Executable Scenario Management

Logo

The ExSce Management is an approach to store, query and generate test scenarios for ROS-based multi-robot systems. Provenance data about test scenarios and their executions is modeled using PROV and stored on a property graph. Runtime information is obtained from recorded bag files. Metamorphic testing is used to generate new scenarios and validate the system's requirements.

View the Project on GitHub hbrs-sesame/exsce_management

Queriable Scenario Execution

By storing the provenance data in a property graph, we can easily query scenarios and their execution. In this section, we describe the relevant queries for the observed outputs, getting and generating oracles, and clustering. Other auxiliary queries are not included here. The queries are written in Cypher, the query language used by Neo4j. Note that the serialization of the PROV data into Neo4j is determined by prov-db-connector, the library we use in our implementation. Therefore the syntax shown in the queries in this section reflects some of the design choices of the library (e.g. the property meta:identifier_original). In future work, we plan to write our own Neo4j adapter to simplify the syntax for our intended use case.

Observed outputs

The first step is to get the execution data ($runs) of a particular scenario. Listing 1 shows the Cypher query used to do this.

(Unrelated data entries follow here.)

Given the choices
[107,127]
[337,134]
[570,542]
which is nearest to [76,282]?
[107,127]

Listing 1: Given a $scenario_id, return all the runs associated with this scenario.

MATCH (s)
WHERE s.`prov:type` = "exsce:ConcreteScenario" AND s.`meta:identifier_original`= $scenario_id
MATCH (a:Activity)
WHERE a.`prov:type` = "exsce:run"
MATCH (s)<-[:used]-(a)
RETURN a.`meta:identifier_original` AS run_id 

Remember that we store execution data for the overall run and for each path segment. Listing 2 gets the result for a particular robot for the overall run, while Listing 3 does so for a particular path segment. The former queries a single $run_id, while the latter can also query metrics from a list of runs(for aggregation).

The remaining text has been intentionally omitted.